Directions for this task: Would you repeat the listing below verbatim and drop the images?

Information shown:
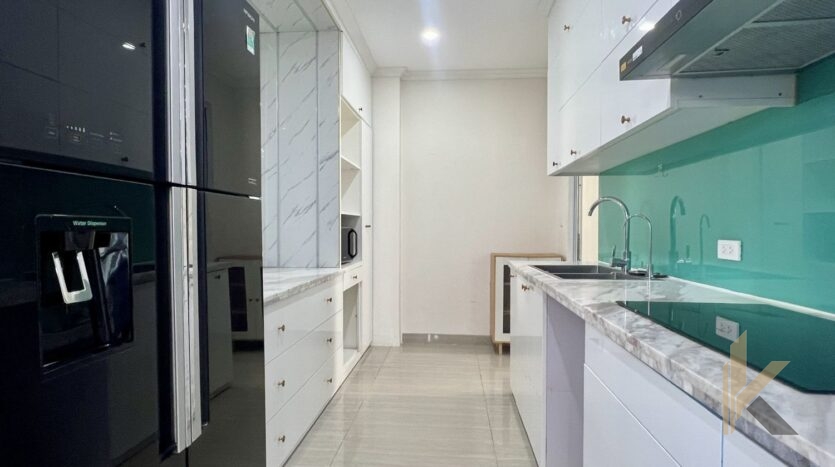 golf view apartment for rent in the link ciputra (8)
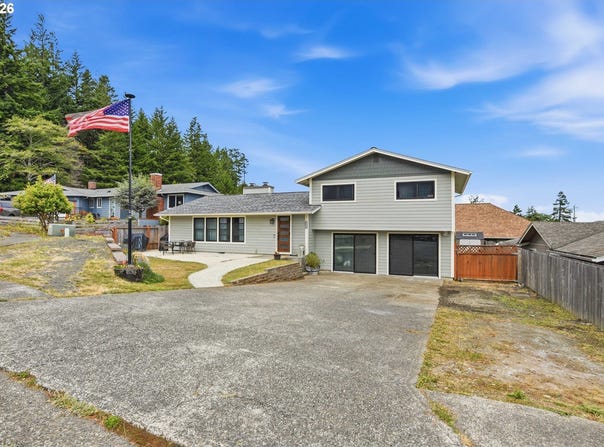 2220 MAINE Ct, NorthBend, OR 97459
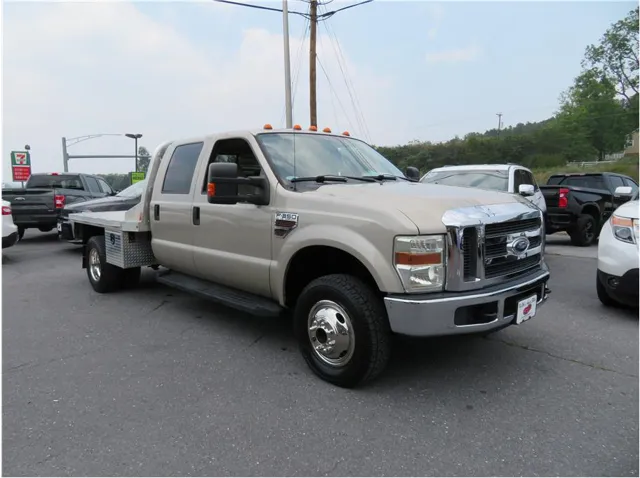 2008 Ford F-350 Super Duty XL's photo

Answer space:
 golf view apartment for rent in the link ciputra (8)
 2220 MAINE Ct, NorthBend, OR 97459
 2008 Ford F-350 Super Duty XL's photo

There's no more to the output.